As magma makes its way to the surface, the pressure lowers, causing it to degas: Gas bubbles form and want to occupy more space at the magma continues to rise. They also often want to rise more quickly than the magma. All of this creates forces in the magma body, which can change how it erupts. Different types of gas leave the magma at different times or depths. Thus, detecting the amount and types of gas gives us vital clues about the inside of the volcano we cannot see.
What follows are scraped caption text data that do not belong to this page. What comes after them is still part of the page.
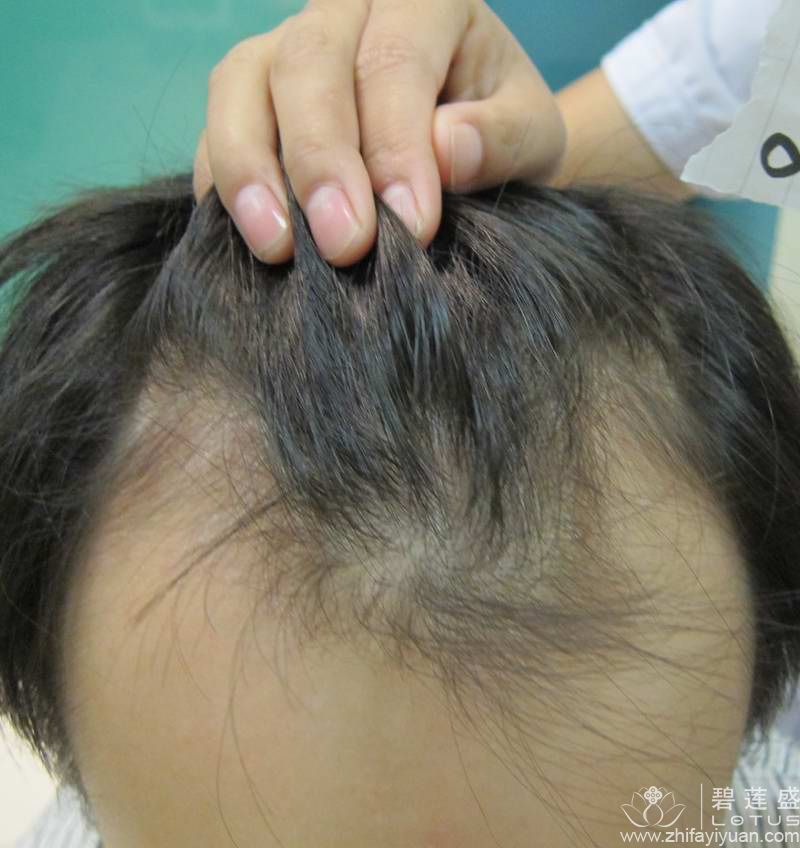 前额没有头发的治疗方法有哪些 - 碧莲盛无痕植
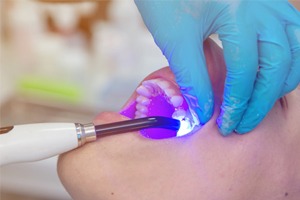 A curing light being used on a patient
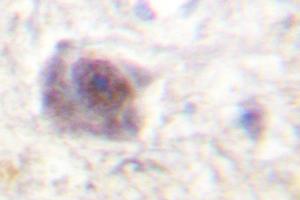 Image no. 1 for anti-Adenomatous Polyposis Coli (APC) antibody (ABIN271993) (APC Antikörper)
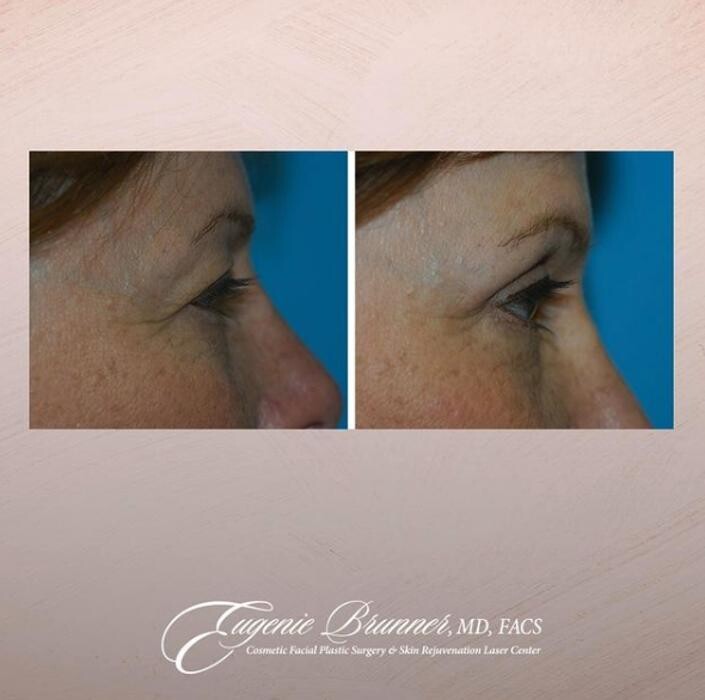 Images Eugenie Brunner, MD, FACS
Different types of spectrometers are used to measure the gases in the plume at different points. Gas composition and ratios indicate what is going on inside the volcano. The annotations visualise how a spectrometers scans across and detects a plume and its composition. Credit: Richard Herd

This is a permanent spectrometer which scans the plume from the ground. Credit: Richard Herd

Here the spectrometer is pointed at the plume from the helicopter. Credit: MVO Archive
When the amount of gas exhaled by a volcano is particularly high, we can sometimes detect them with our noses, even miles away from the volcano. In the days before and during the Soufrière Hills eruption, Montserratians could frequently smell the “rotten egg” odour of hydrogen sulfide exhaled by the volcano.
Volcanic gases are not only important indicators of what happens beneath a volcano, some of them are also toxic and corrosive! Downwind of the volcanic plume on Montserrat, vegetation changed and metal corroded more rapidly due to the aggressive volcanic gases.

Enhanced corrosion due to volcanic gases from Soufrière Hills have made this metal railing crumble. Credit: Miriam Rothenberg.